Darüber hinaus ist die Betriebsauslastung mit 9,5 Wochen und einem Niveau von 78% ein besorgniserregendes Zeichen. Die Branchen zeigen unterschiedliche Entwicklungen: Während das Bauhauptgewerbe stabil bleibt, verzeichnet das Nahrungsmittelhandwerk einen Aufwärtstrend, während persönliche Dienstleistungen stark leiden. Diese wirtschaftliche Situation erfordert dringend mittelstandsfreundliche Rahmenbedingungen, um einen möglichen leichten Aufschwung, vor allem in der zweiten Jahreshälfte, zu ermöglichen.
Fachkräftemangel und Ausbildung
Der Fachkräftemangel ist eine der größten Herausforderungen. Aktuell fehlen im hessischen Handwerk etwa 17.500 Fachkräfte.

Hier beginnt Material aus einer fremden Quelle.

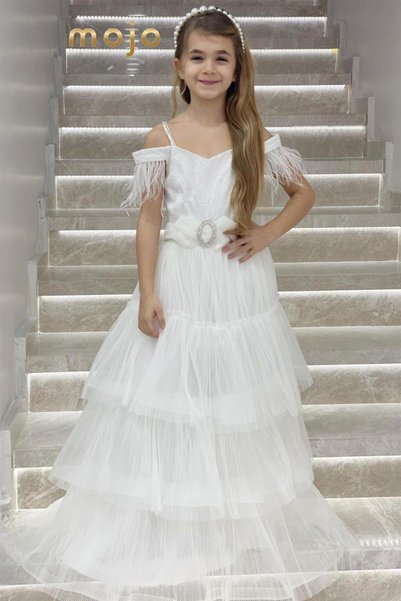 Mojo Bebek Erkut Evening Dress Low Sleeve Buckle Layered Skirt Evening Dress ...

Etwa 18% der Betriebe berichten von einem gesunkenen Beschäftigtenstand, was insbesondere auf den Fachkräftemangel zurückzuführen ist. Um dem entgegenzuwirken, wurden Initiativen wie die Einführung des kostenfreien Meisterbriefs und Praktikumswochen in die Wege geleitet. Eine stärkere Berufsorientierung an Schulen sowie die Förderung der dualen Ausbildung sind entscheidend, um Jugendliche für eine Karriere im Handwerk zu gewinnen.
Die Ausbildungsbilanz für 2023 zeigt jedoch einen Rückgang von 1,8% bei neu eingetragenen Lehrverträgen, was auf die Notwendigkeit einer Neuorganisation der Berufsschulstandorte hinweist. Aktuell bleiben rund 1.400 Ausbildungsplätze in Hessen unbesetzt. Eine tiefere gesellschaftliche Anerkennung der dualen Ausbildung sowie Vorschläge für ein Freiwilliges Handwerksjahr sind Teil der notwendigen Maßnahmen, um den Fachkräftemangel nachhaltig zu bekämpfen. Die Situation ist besonders in Berufen wie Bauelektrik und Sanitär-, Heizungs- und Klimatechnik kritisch, wo zwei von fünf offenen Stellen nicht besetzt werden konnten.
Wie von wiesbaden-lebt.de berichtet, ist der Fachkräftemangel nicht nur auf fehlende Bewerbungen zurückzuführen. Die Zahl der offenen Stellen in Handwerksberufen stieg im Jahr 2022 auf einen Rekordwert von rund 236.818. Die gute Konjunktur im Bauhandwerk und politische Maßnahmen zur Förderung von Wohnungsbau und Klimaschutz haben die Nachfrage nach Handwerkern weiter erhöht. Die duale Ausbildung bleibt daher das Mittel der Wahl, um diesen Engpass zu adressieren und zukünftige Fachkräfte auszubilden.
Vor diesem Hintergrund fordert die Handwerkskammer eine verbesserte Berufsorientierung, insbesondere an Gymnasien, und schlägt vor, ein Unterrichtsfach „Werken/Technik“ an hessischen Schulen zu etablieren. Die kommenden Monate werden entscheidend sein, um die gesetzten Ziele zu erreichen und das Handwerk in Hessen langfristig zu stärken.